• Your task
Lower down are entries containing pictures. Copy exactly, without those pictures, the lines from the line with "Památku Jana Palacha" through the line with "Power Rack Attachments, Hooks".

• Records for this exercise
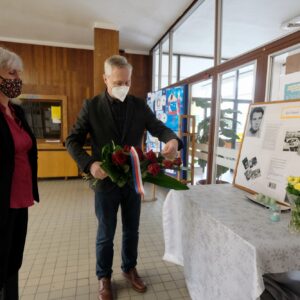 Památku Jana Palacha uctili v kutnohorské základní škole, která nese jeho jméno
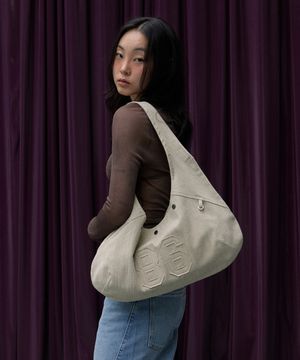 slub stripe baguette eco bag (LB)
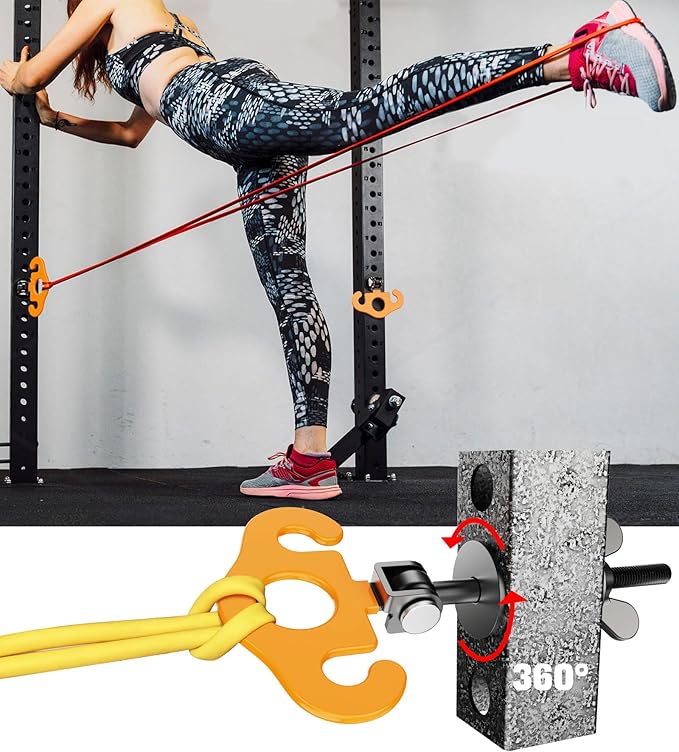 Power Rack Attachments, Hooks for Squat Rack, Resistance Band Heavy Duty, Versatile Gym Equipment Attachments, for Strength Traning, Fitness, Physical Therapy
==
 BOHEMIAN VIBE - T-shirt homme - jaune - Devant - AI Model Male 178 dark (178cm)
...
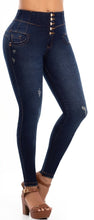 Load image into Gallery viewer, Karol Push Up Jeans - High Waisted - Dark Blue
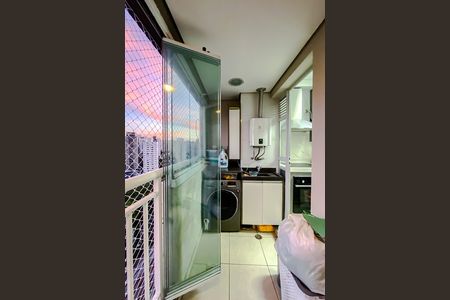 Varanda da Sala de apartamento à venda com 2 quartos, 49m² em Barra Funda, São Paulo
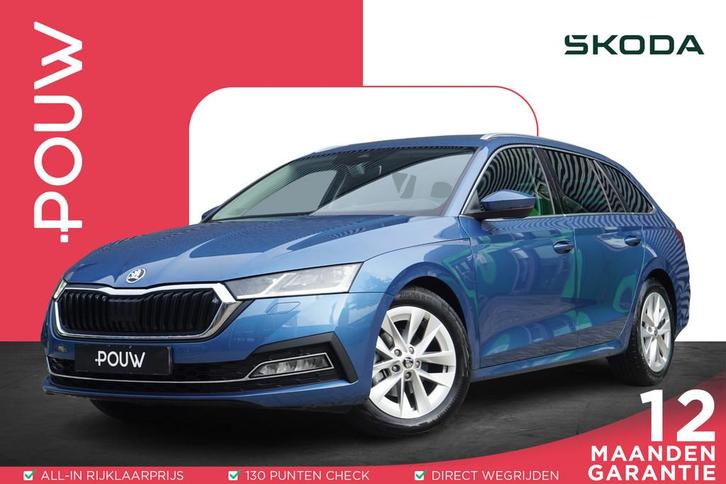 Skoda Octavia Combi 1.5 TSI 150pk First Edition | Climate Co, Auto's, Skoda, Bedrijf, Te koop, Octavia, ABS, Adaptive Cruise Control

• Answer box
 Památku Jana Palacha uctili v kutnohorské základní škole, která nese jeho jméno
 slub stripe baguette eco bag (LB)
 Power Rack Attachments, Hooks for Squat Rack, Resistance Band Heavy Duty, Versatile Gym Equipment Attachments, for Strength Traning, Fitness, Physical Therapy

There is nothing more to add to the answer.